**PROBLEM REQUIREMENTS:** Omit all images, then repeat exactly the lines below from the one containing "Motocross Rider in Action wpap pop art" through the one containing "Quictent 10'x20' Portable", both ends included.

[Data extracted from a collection]
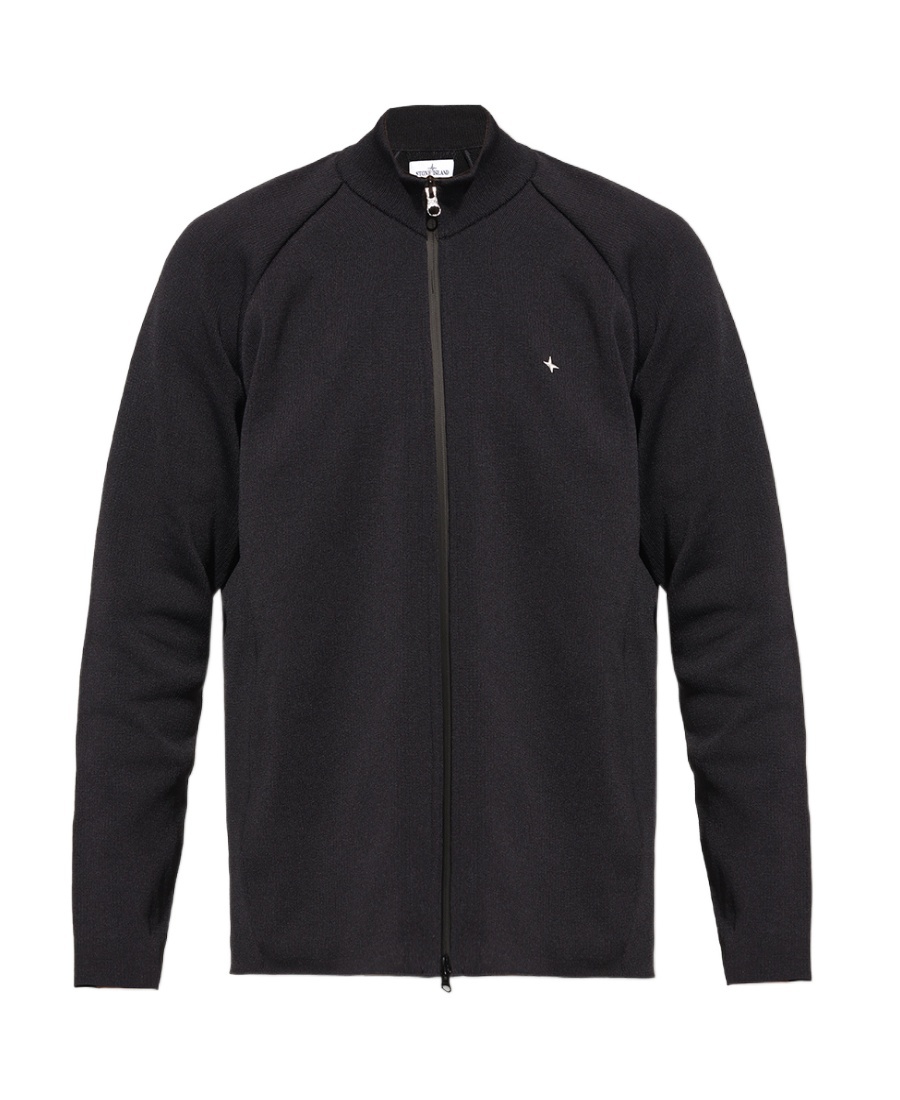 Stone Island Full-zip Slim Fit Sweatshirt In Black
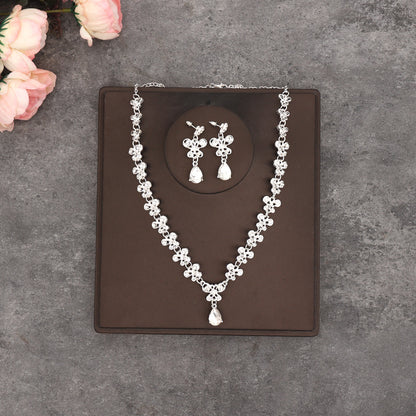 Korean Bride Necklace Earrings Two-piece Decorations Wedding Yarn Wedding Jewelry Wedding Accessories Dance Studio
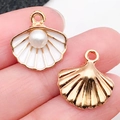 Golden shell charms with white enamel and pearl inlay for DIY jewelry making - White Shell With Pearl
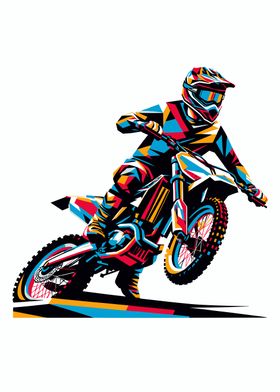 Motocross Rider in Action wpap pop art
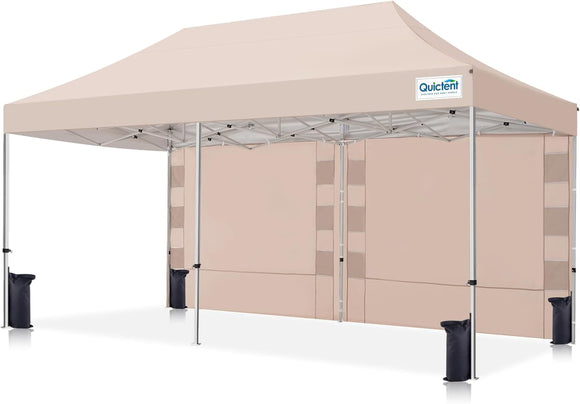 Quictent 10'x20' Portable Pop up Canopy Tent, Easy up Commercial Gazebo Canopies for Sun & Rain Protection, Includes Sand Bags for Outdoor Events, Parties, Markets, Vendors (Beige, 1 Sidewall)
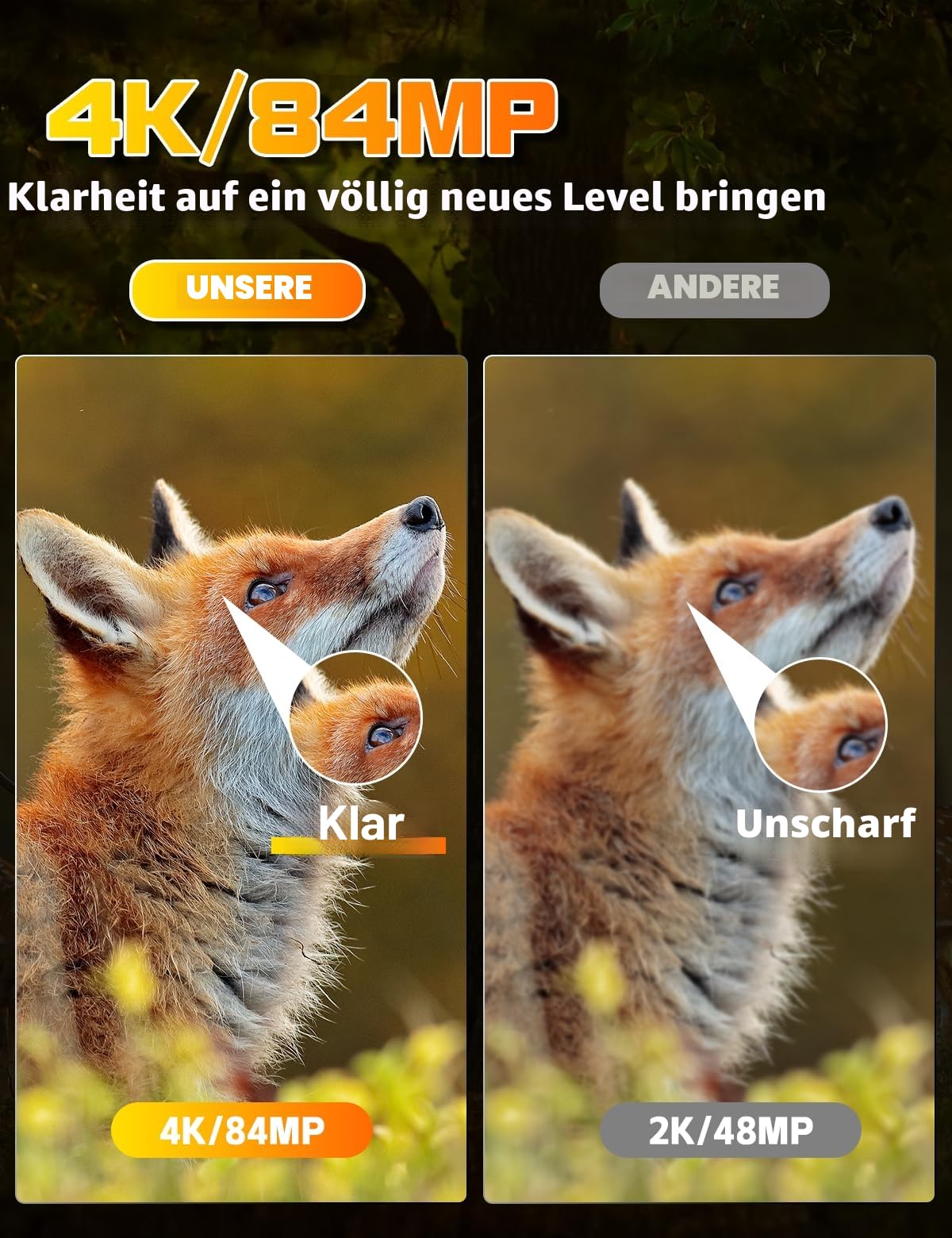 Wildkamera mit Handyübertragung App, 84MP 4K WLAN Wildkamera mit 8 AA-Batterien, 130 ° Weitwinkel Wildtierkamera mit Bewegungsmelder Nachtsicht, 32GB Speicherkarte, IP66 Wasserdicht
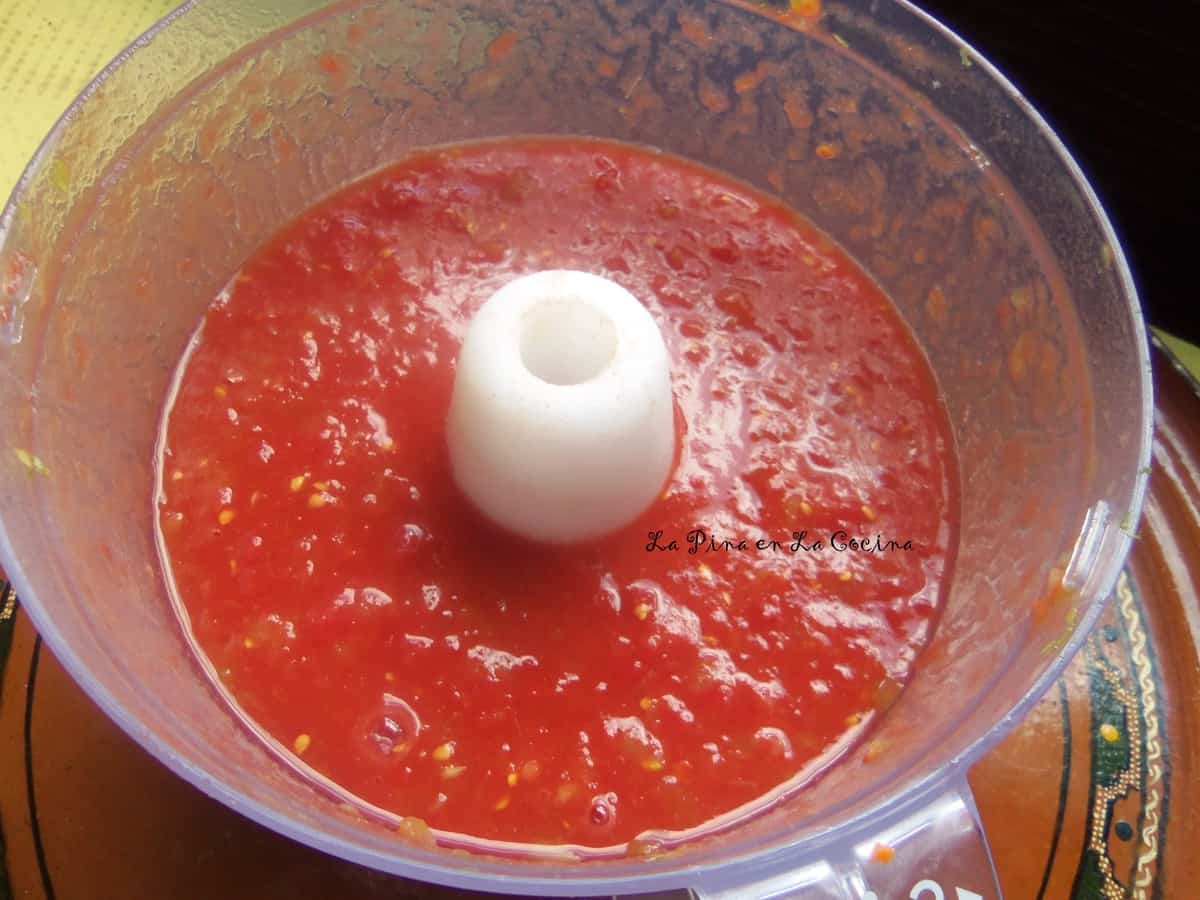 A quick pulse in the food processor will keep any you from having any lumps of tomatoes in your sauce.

**COMPLETED TASK:**
 Motocross Rider in Action wpap pop art
 Quictent 10'x20' Portable Pop up Canopy Tent, Easy up Commercial Gazebo Canopies for Sun & Rain Protection, Includes Sand Bags for Outdoor Events, Parties, Markets, Vendors (Beige, 1 Sidewall)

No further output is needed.